The field of dietetics has long been perceived by men as a “women’s profession,” similar to home economics, according to Shadix. Since the 1970s and ’80s, however, the profession has changed dramatically, updating its image as well as its content and applications. Earl, for example, took a two-faceted approach to his education and career. Having considered the possibilities of teaching or research, he decided to go in a direction that would allow him to work with others.

“I decided to obtain a graduate degree in public health,” he recalls, “and becoming a registered dietitian seemed naturally part and parcel of my public health training.” Although he did not begin his career wanting to become a dietitian, Earl found that becoming an RD was integral to the work he wanted to pursue. “What I found was that, in the public health sector, there were a fair amount of men,” he adds. “There seemed to be a different balance than what I saw in other areas of the profession.”

Reaching out to men and educating them about the opportunities in dietetics is what NOMIN is all about, Shadix says. “We’d like to develop and implement strategies to recruit men into the profession, increase the visibility of dietetics careers for men who are interested in healthcare careers, and work to facilitate retention among male RDs.” With an eye toward attracting more men from varying ethnic backgrounds, he has also begun working toward the establishment of an ADA Foundation scholarship for minority men.

Response to NOMIN has been positive, Shadix notes, though there are some men who, for varying reasons, prefer not to become members.
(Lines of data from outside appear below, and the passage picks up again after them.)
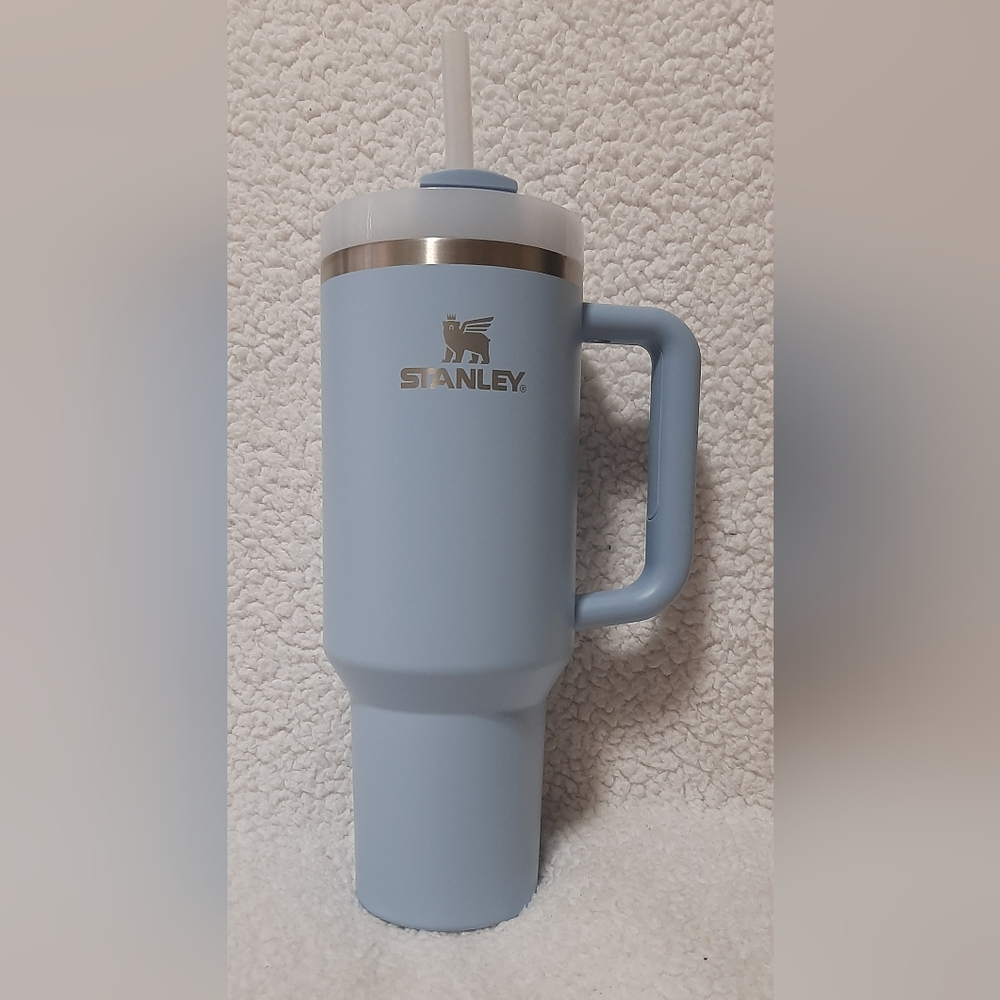 Stanley Quencher H2.0 Tumbler (Heather Blue - 40 oz)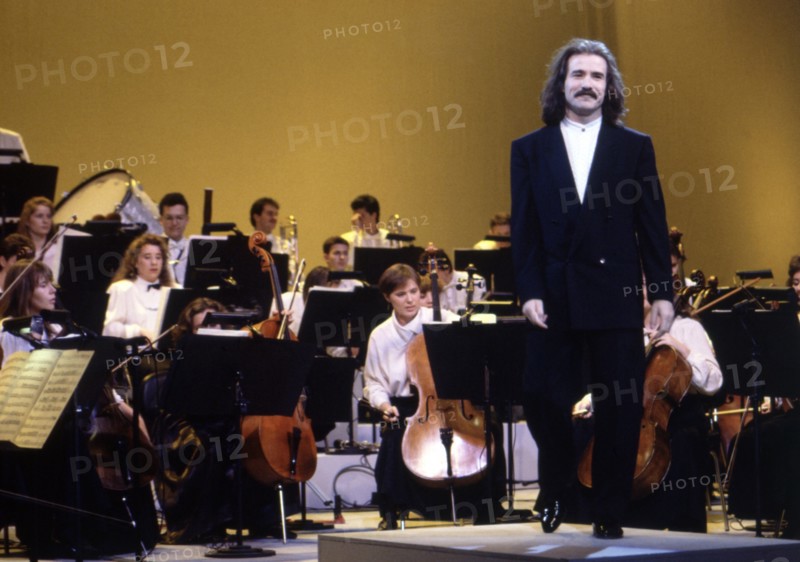 Luis Cobos, Spanish orchesta conductor, 1990 photo.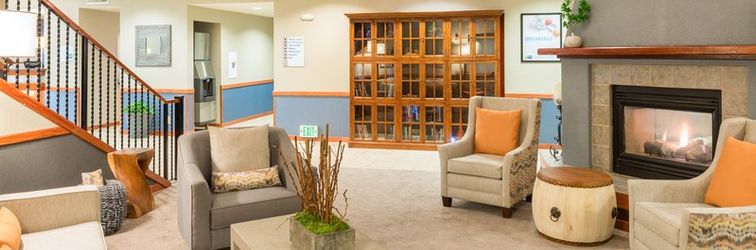 로비 Holiday Inn Express & Suites ARCATA/EUREKA-AIRPORT AREA by IHG, an IHG Hotel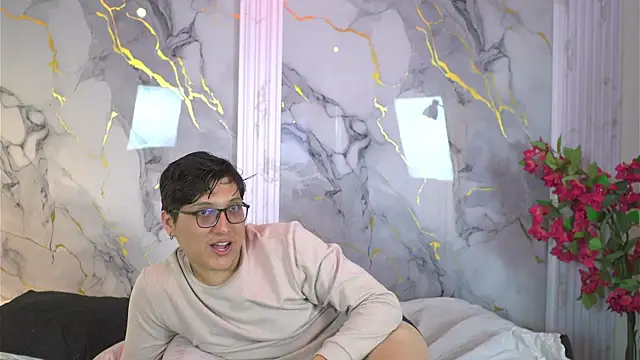 vanilla hot online show from October 23, 1:39 pm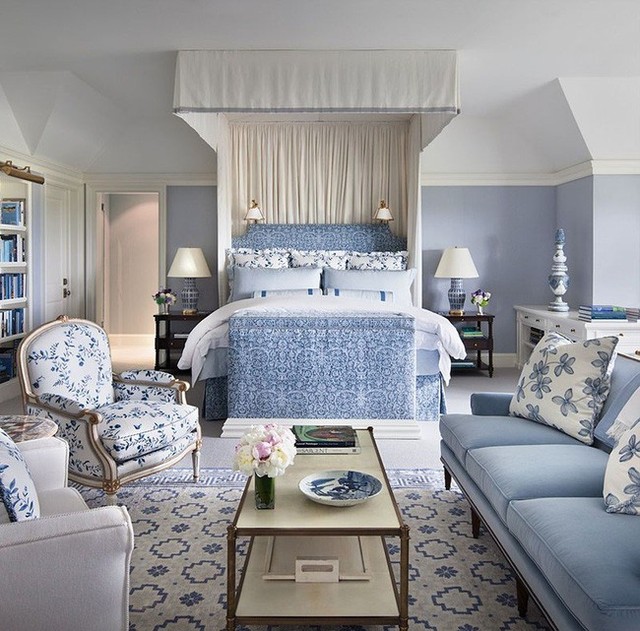 
Căn phòng ngủ thanh lịch và cũng rất dễ chịu được bao phủ trong gam màu xanh lam dịu mát.

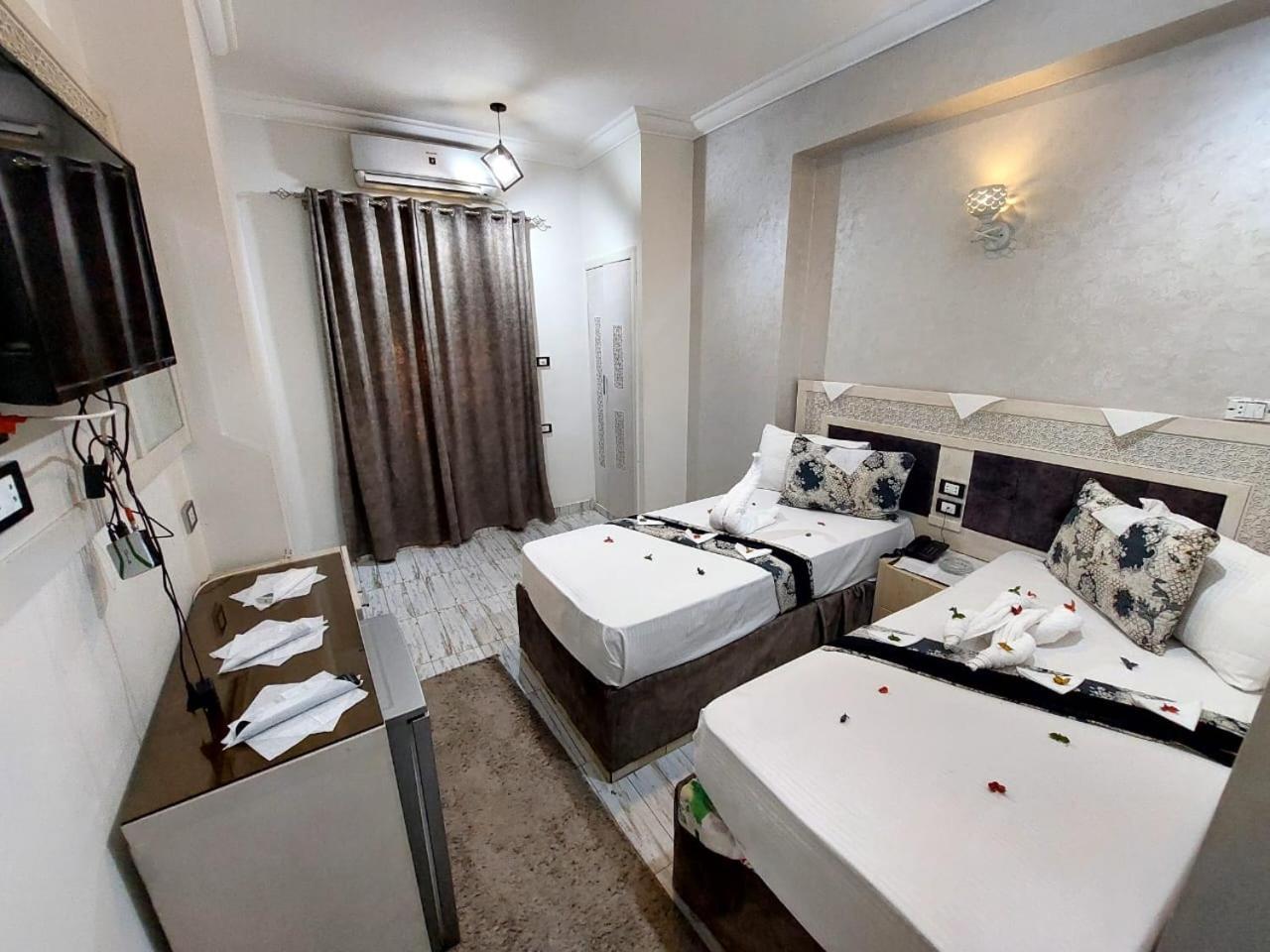 סוחאג' Al Amir Palace Hotel מראה חיצוני תמונה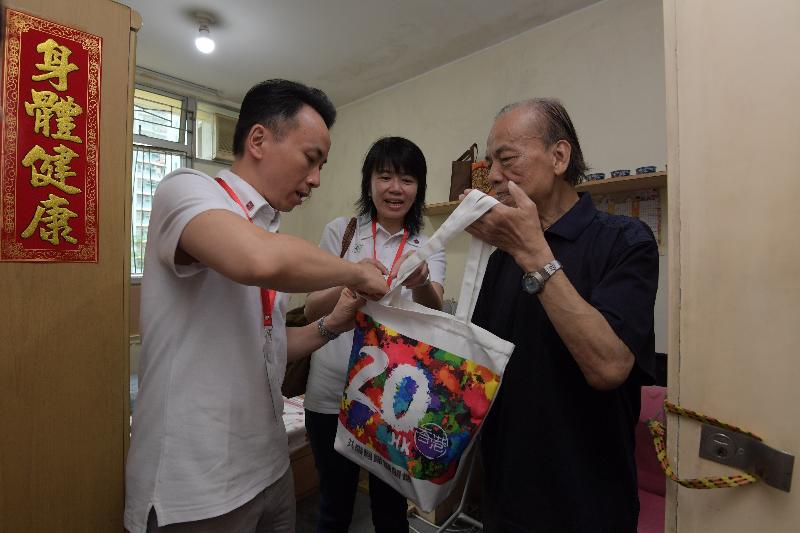 The Head of the Policy and Project Co-ordination Unit of the Chief Secretary for Administration's Private Office, Ms Doris Ho (centre), and Deputy Director of Home Affairs Mr Patrick Li (left) conducted home visits in Sham Shui Po District under the "Celebrations for All" project today (May 20). They learned about the families' living conditions and distributed gift packs to the families, sharing the joy of the 20th anniversary of the establishment of the Hong Kong Special Administrative Region. 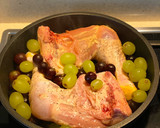 Foto del paso 4 de la receta: Pollo asado con uvas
The group has not been officially “organized,” he adds, and currently exists primarily as an ADA-recognized networking organization. Additionally, there has been a tremendous response from men involved in ADA leadership, he says. Where the group will go from here is up to ADA and its members, Shadix continues. “I would love to start a discussion about how we can continue to diversify,” he says. “It’s important to remember that men are still a minority in the profession, even though, in the overall work force, they are not. But,” he says hopefully, “things look like they might be changing.”